Data records:
---
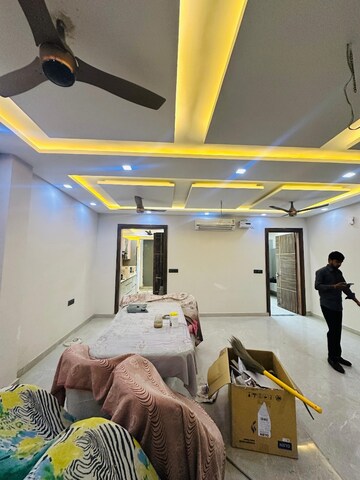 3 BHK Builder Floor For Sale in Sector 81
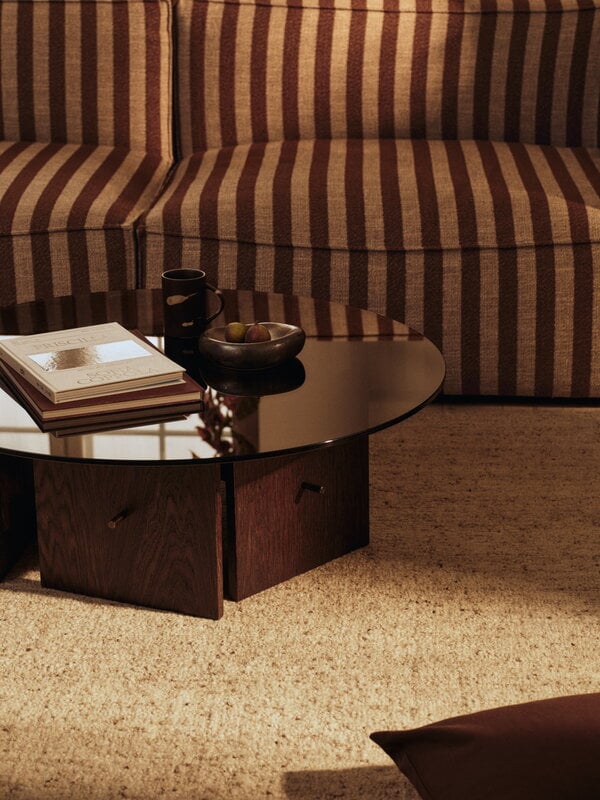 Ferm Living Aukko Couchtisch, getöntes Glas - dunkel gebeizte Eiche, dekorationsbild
---
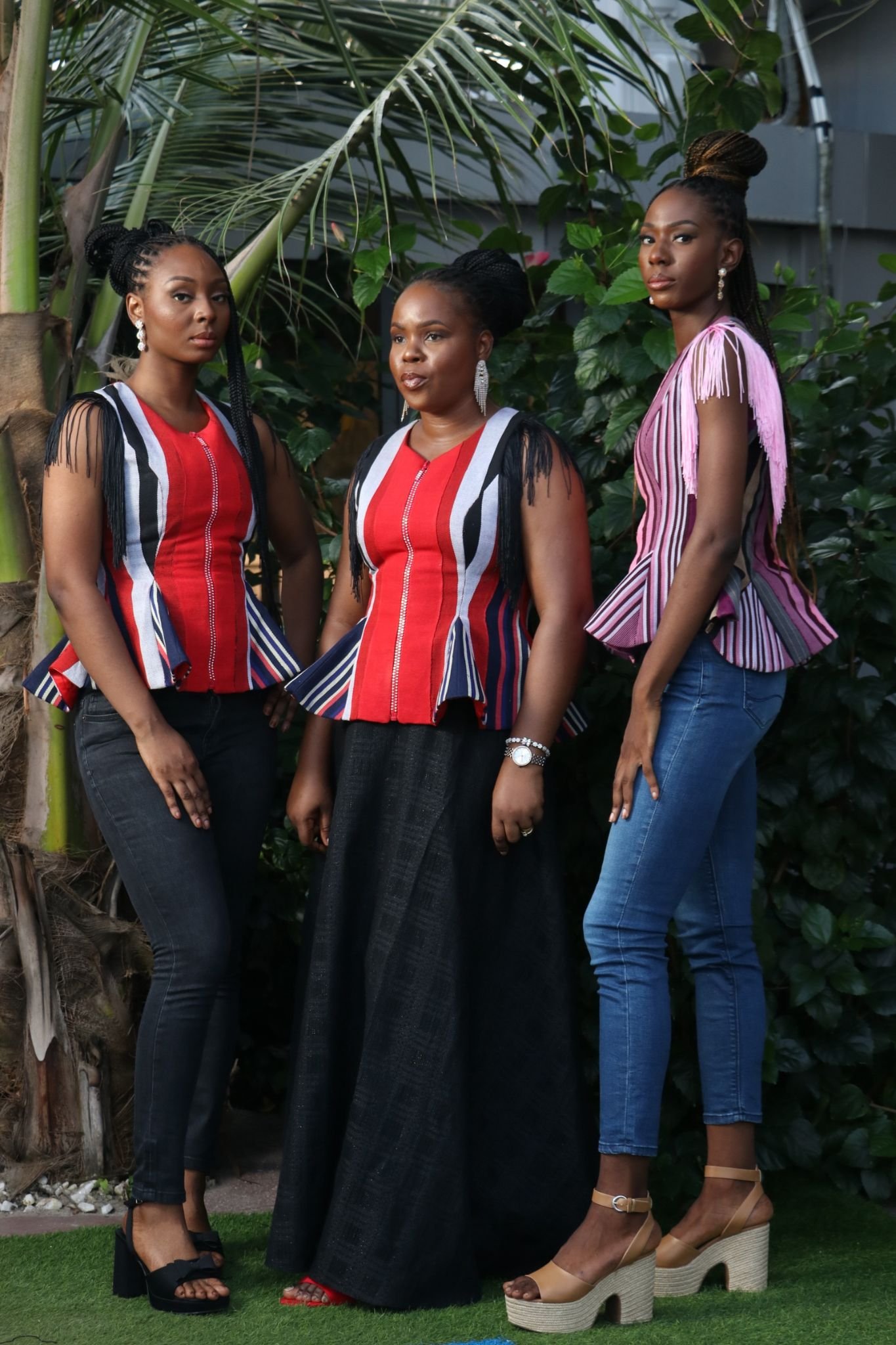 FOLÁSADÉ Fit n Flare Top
---
Work to complete: Keep to the lines above from the line with "3 BHK Builder Floor For Sale in Sector 81" to the line with "Ferm Living Aukko", and set down exactly those, inclusive, with nothing else and every picture left out.

Task solution:
 3 BHK Builder Floor For Sale in Sector 81
 Ferm Living Aukko Couchtisch, getöntes Glas - dunkel gebeizte Eiche, dekorationsbild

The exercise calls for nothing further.